Using presence for large groups of users

Presence-for-large-groups-3.jpg

Pusher provides many powerful features that can build working presence implementations for large scale use cases, covering hundreds to millions of users.

Introduction

One of our features that many customers get a lot of value from is our presence implementation. This provides a constantly updating state of who is “present” in the channels in your application. In practice the feature provides a list of the Channel occupants when a user subscribes and then sends messages to all occupants of a channel when someone joins or leaves.

This works extremely well for smallish groups where the names of the participants are broadly known to the occupants (maybe sub 100 people). For large-scale use-cases (100-1,000,000), that specific implementation is less effective. Fundamentally, this is because the number of messages distributed grows quadratically with the number of people present in the channel.

This is problematic because:

  • It quickly burns through your message allowance
  • The number of messages arriving cause a performance problem for clients

Aside from the resource issues, sending that kind of volume of state changes isn’t even useful to the end customer from a user experience point of view. As the scale of participation increases, the complexity and detail of the information must be simplified. This requires some custom logic depending on the use case. For example, you may just want to periodically show how many people are participating, or even try to pick out the user’s friends from the crowd.

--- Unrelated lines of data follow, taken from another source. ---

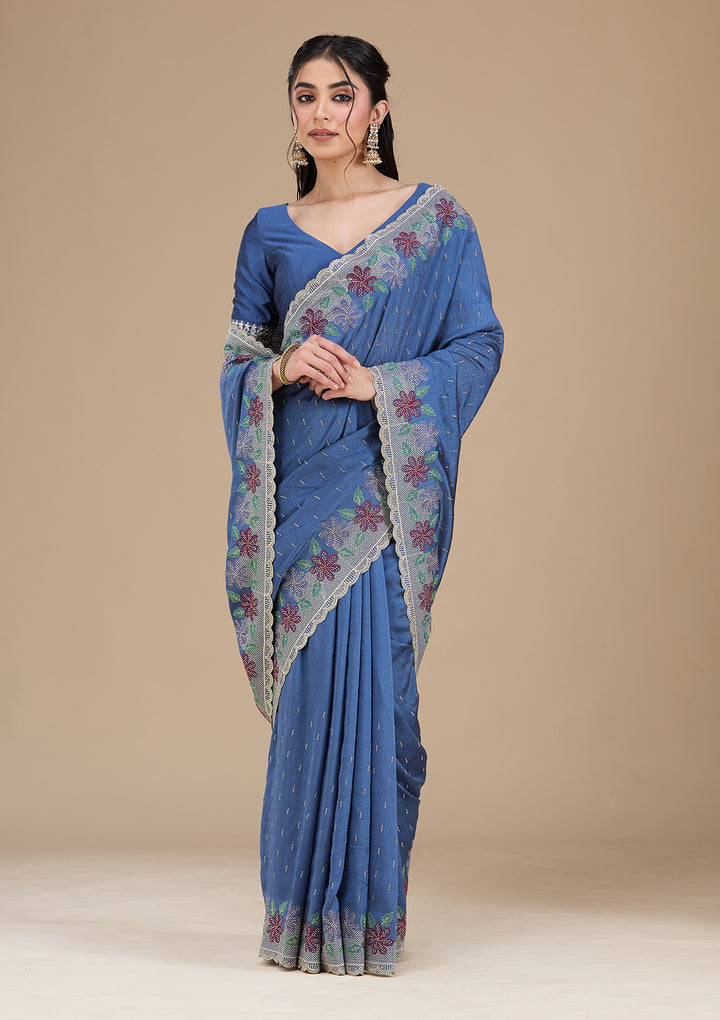 Navy Blue Threadwork Soft Raw Silk Saree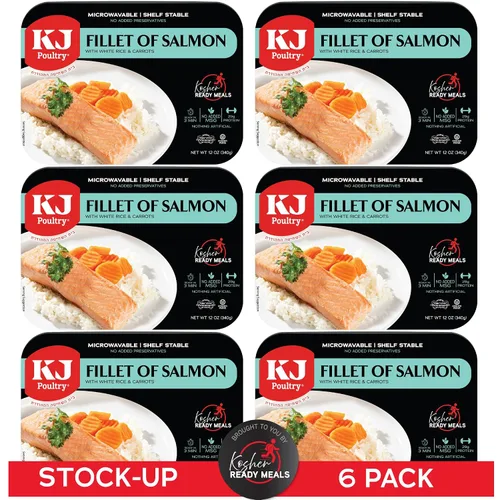 Vista 13 de KJ Poultry Kosher Ready Meals - Filete de salmón y pescado, comida Parve MRE lista para comer, alimentos proteicos, halal, (1 unidad) preparado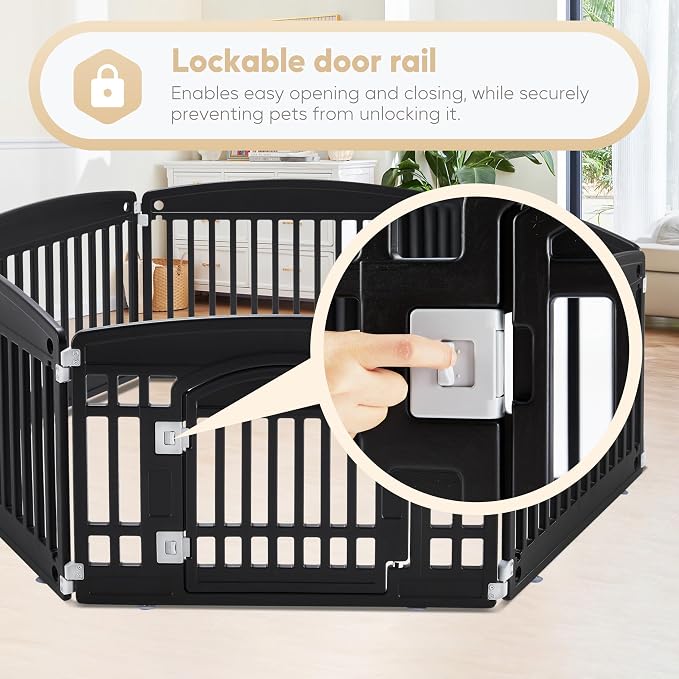 Simple Deluxe 24" 6-Panel Dog Playpen, Durable Pet Playpen with Secure Locking Door for Puppies & Small/Medium Dogs, Portable & Foldable Pet Fence, Black
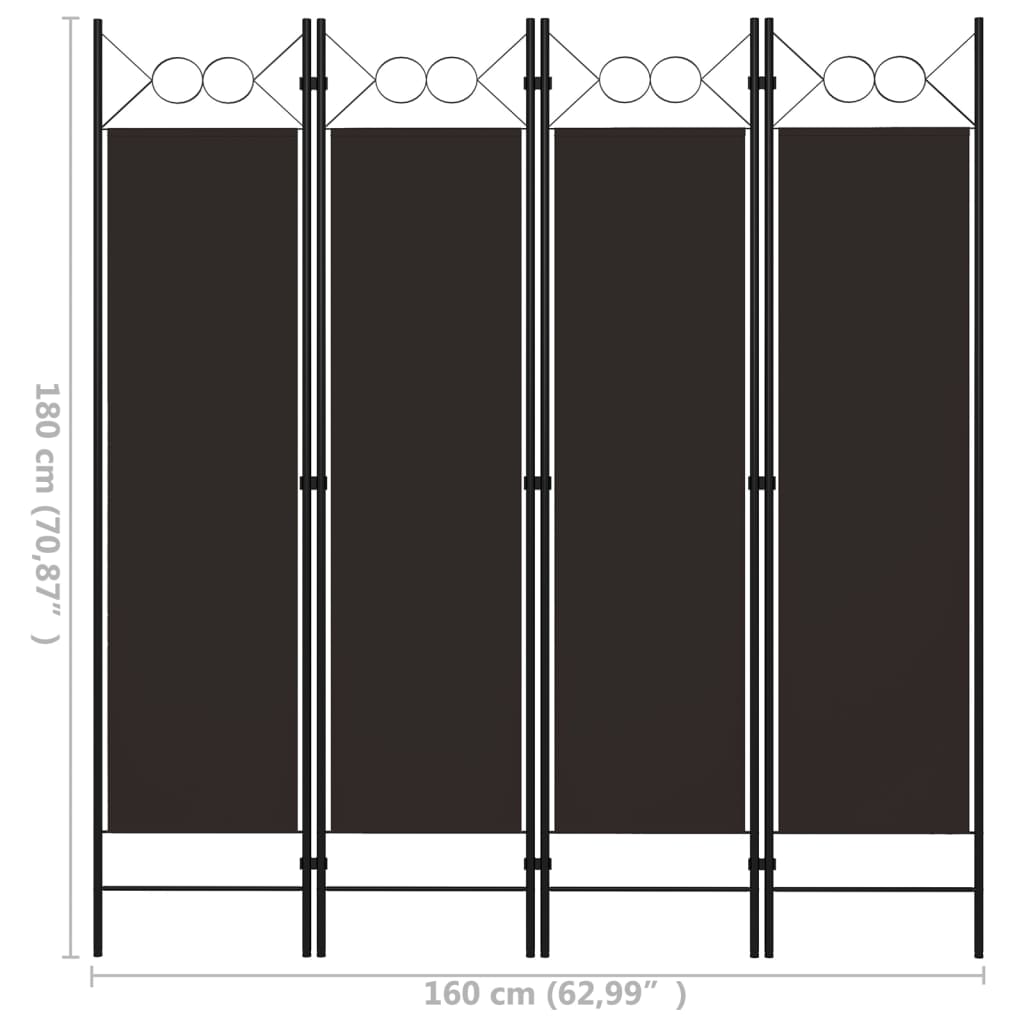 Kamerscherm Met Panelen 160X180 Cm 4 Bruin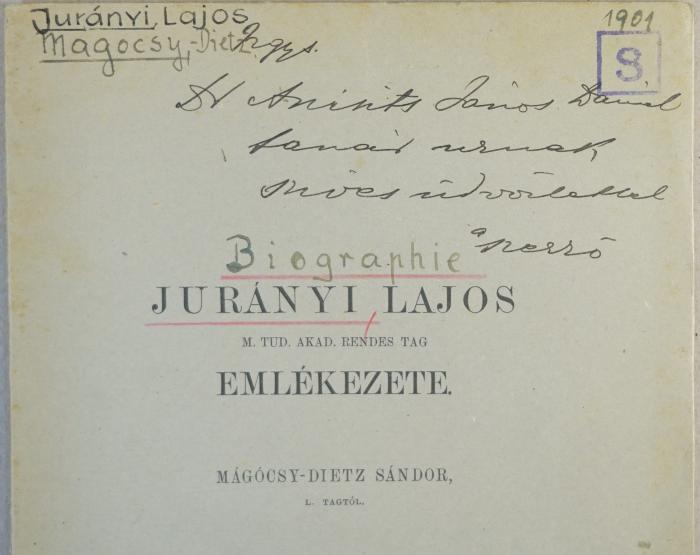 - (Anisits, Johann Daniel), Von Hand: Widmung, Notiz; 'Dr Anisits Jona Daniel 
fanair uruad
a pesso'. 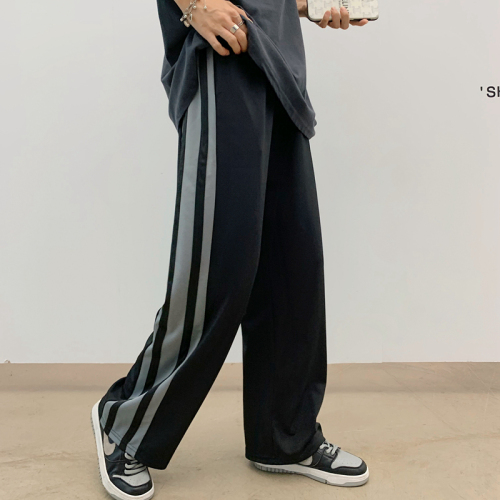 Real shooting of spring versatile sportswear vertical stitching loose floor wide leg casual pants men's and women's fashion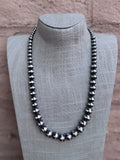 Handcrafted Graduated Sterling Silver Pearl 6-12mm Beaded Necklace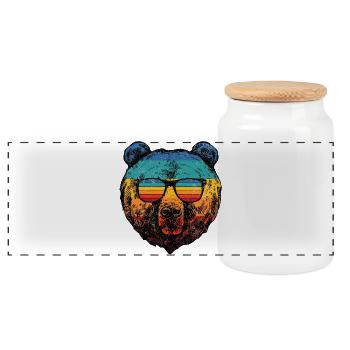 Rainbow Bear in Retro Sunglasses - Panoramic Cookie Jar with Wooden Lid - white - Front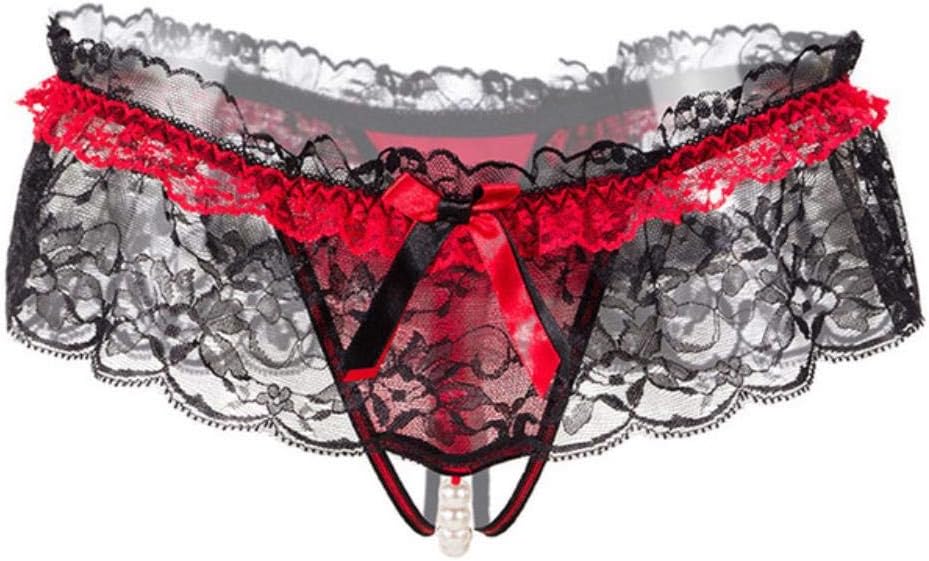 Black Underwear Women Sexy Panties Culotte Femme Women Thongs and g Strings Pearl Bow Tie Lace Seamless Panties,red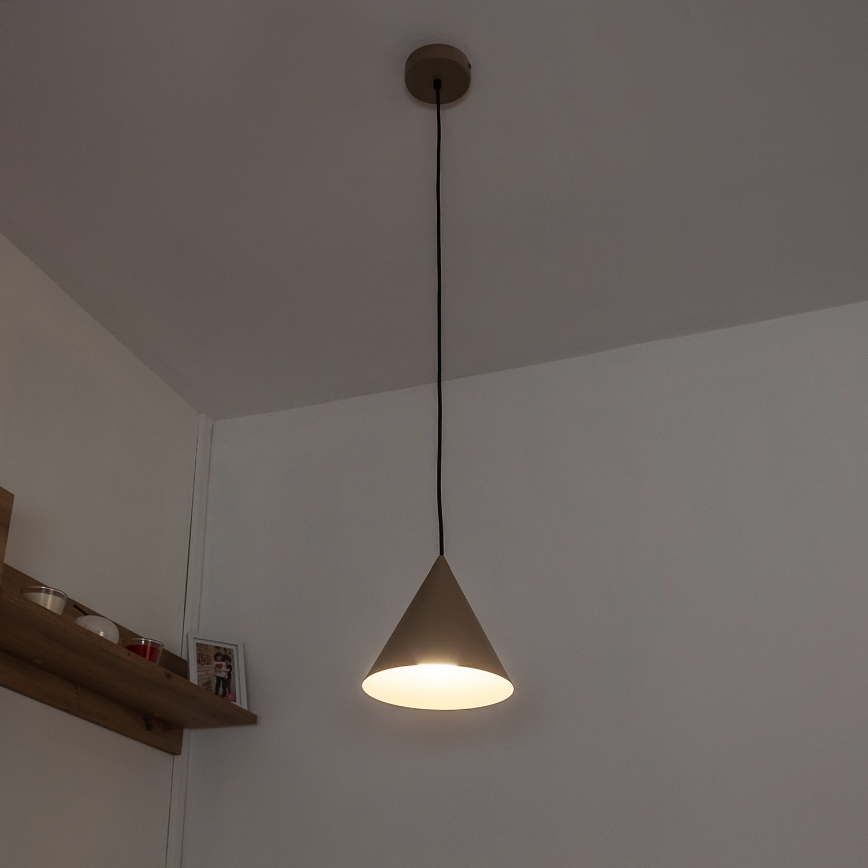 Cable pendant ETNA II 1xE27/15W/230V, Ø 18.5 cm, beige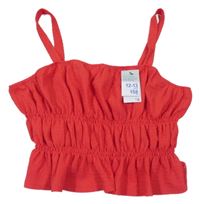 Nové - Červený rebrovaný crop top Primark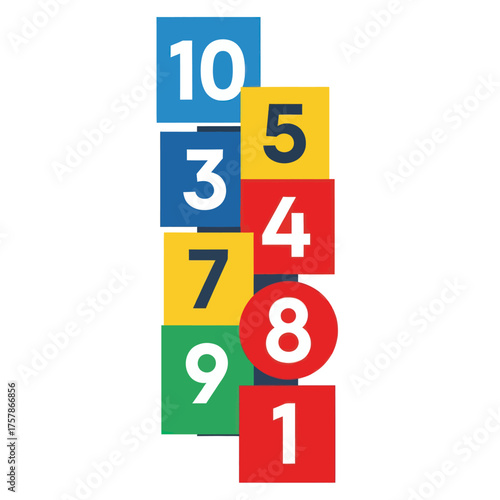 Colorful Number Blocks Stacked for Learning Games.
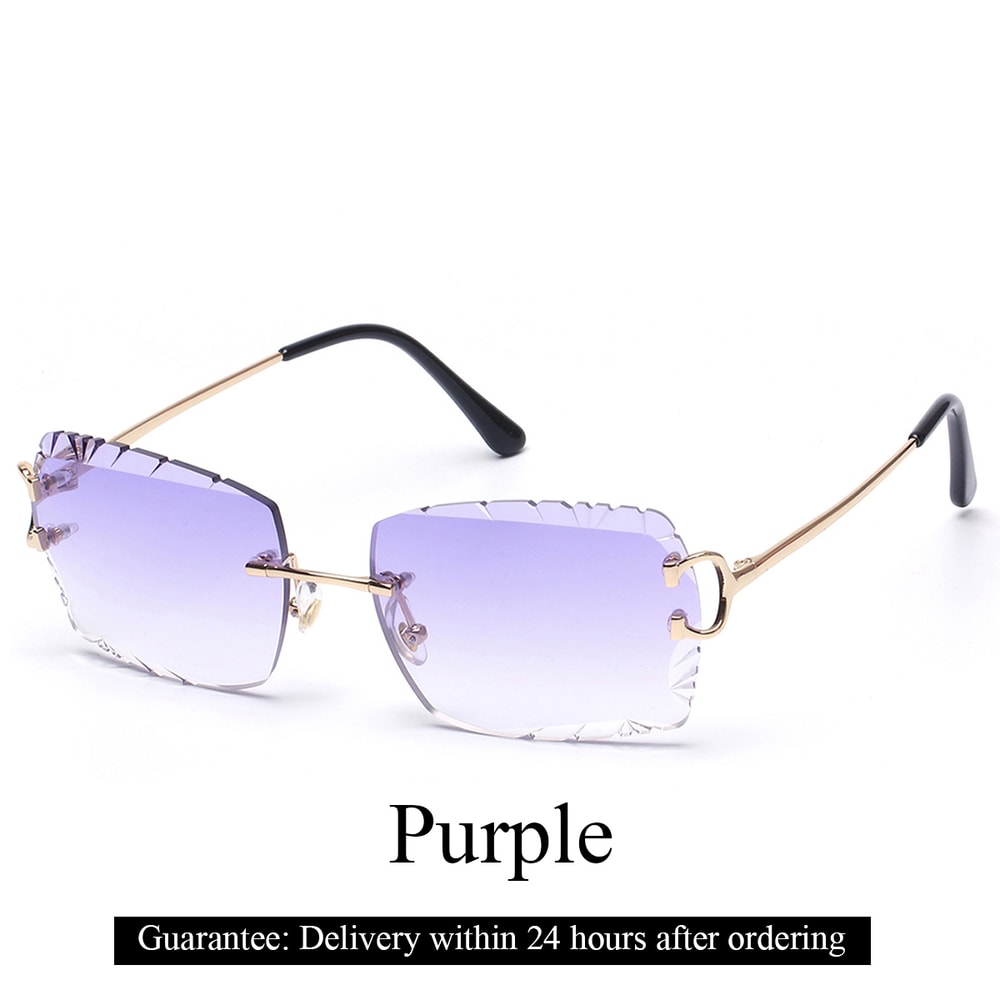 Luxury Rimless Sunglasses Diamond Cut Square Frameless Glasses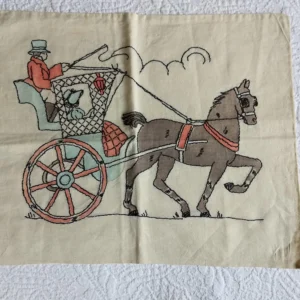 Vogart Horse Carriage Embroidery Tinted Pillow Cover Vintage 1930's 1940's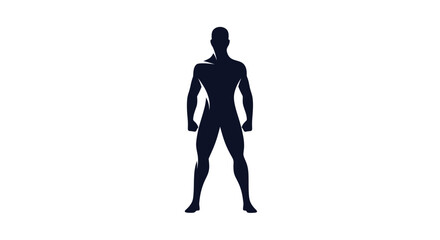 Muscular male silhouette standing tall with confident posture and strong physique.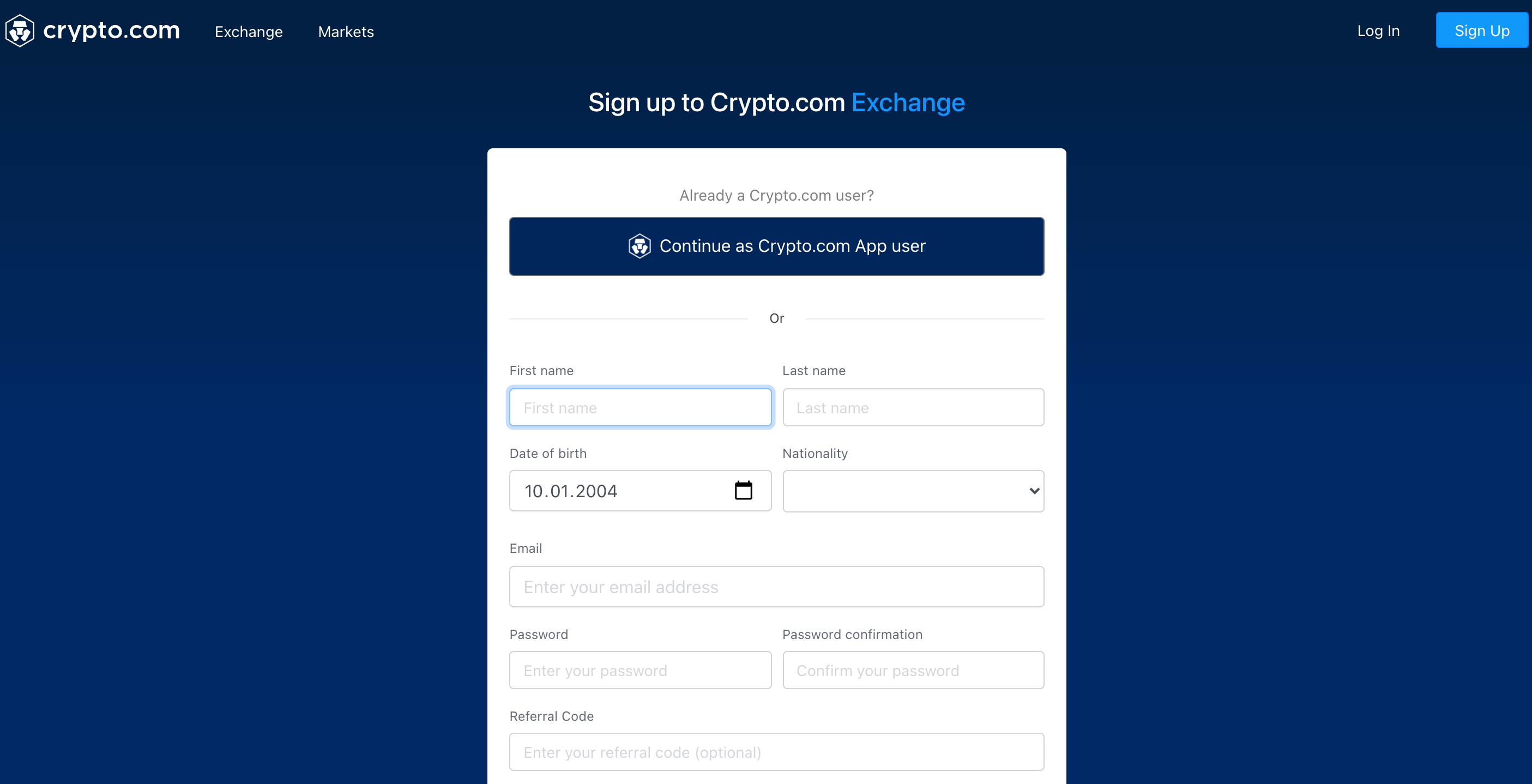 How to open an account with Crypto.com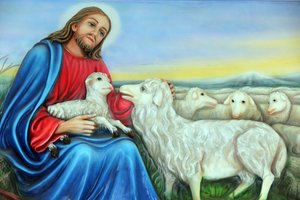 Franciszkańscy misjonarze kościoła Mariackiego. Jezus, dobry pasterz. Obraz. Miasto Ho Chi Minh. Wietnam autorstwa Unbekannt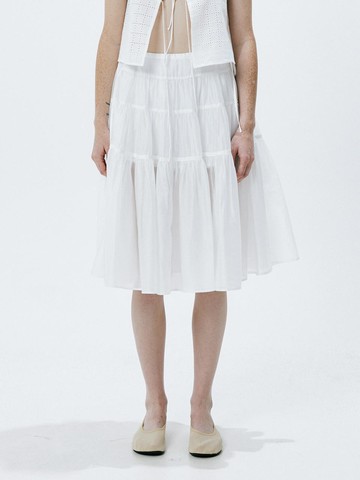 Shirring Ribbon Skirt (White)
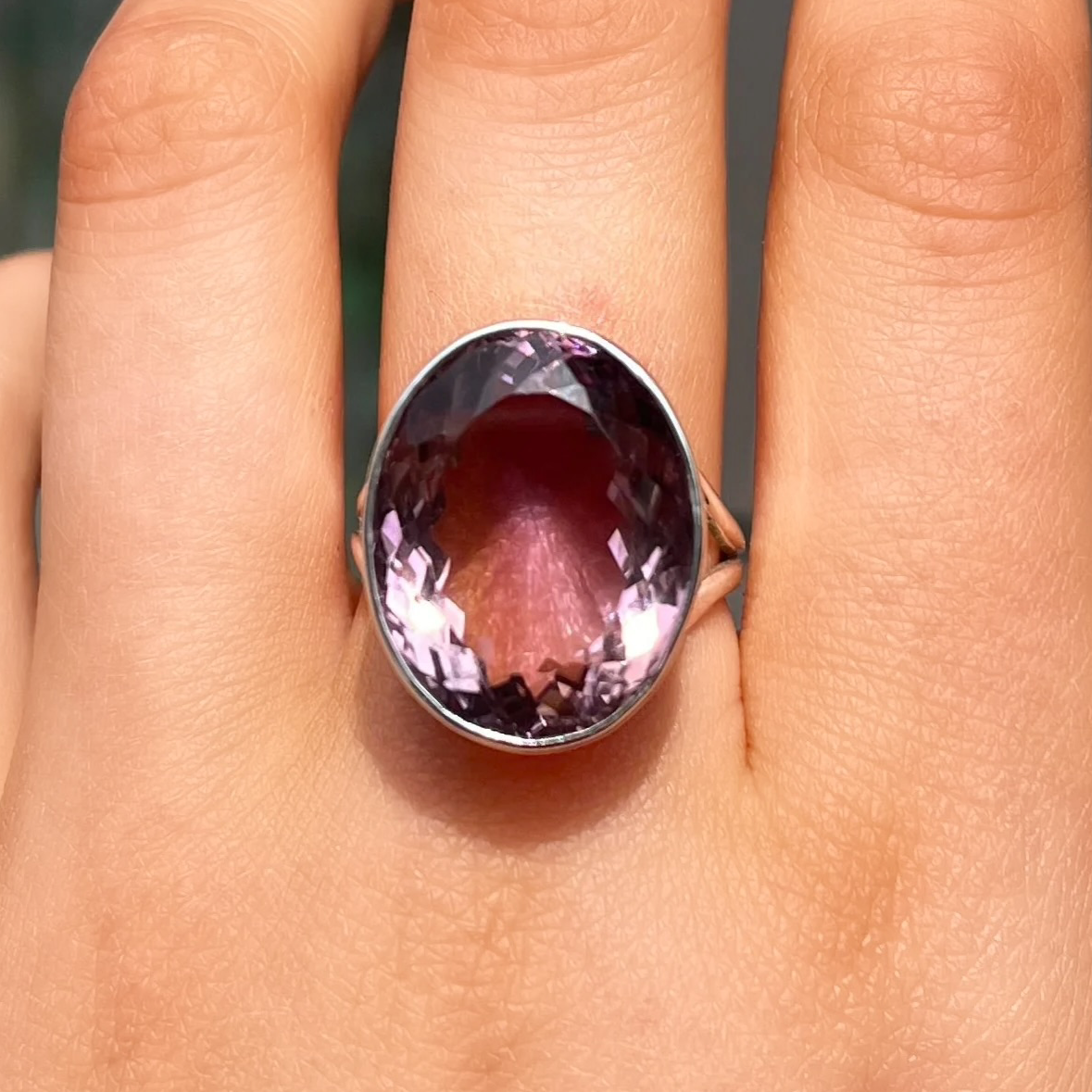 Chunky Statement Sterling Silver Purple Ametrine Ring - Size R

The vanilla presence channels don’t work well for scale, and we limit the number of participants in a room. However, we provide many other powerful features that can build presence implementations for larger groups.

Building a larger presence implementation

At its heart, presence is a directory of which users are subscribed to what. The job of building a larger presence implementation requires several steps:

  • registering the locations where users are “present”
  • syncing the state of presence information from our service
  • pushing a filtered version of that state to connected users

Registering where users are present

To sync state, you first need to register which users are part of which “rooms”. Do this by subscribing each user to a corresponding private channel based on a naming convention like private-- (e.g. private-roomA-max). This decouples the concept of “presence” from the channel that is being used to send other data. Channels are cheap, so are perfect for this kind of scenario.

Synchronising state to your server

Next, you need to synchronise the state of which channels “exist”. Because Channels are lazily created, they only exist when one or more subscribers are occupying them. We store a state of which channels exist at any point in time, and we provide a set of tools to use this information on your server:

    • 1. Push-based tools – webhooks sent when a channel becomes occupied or vacant
    • 2. Pull based tools – queryable HTTP APIs that return the state of channel existence (with filter patterns)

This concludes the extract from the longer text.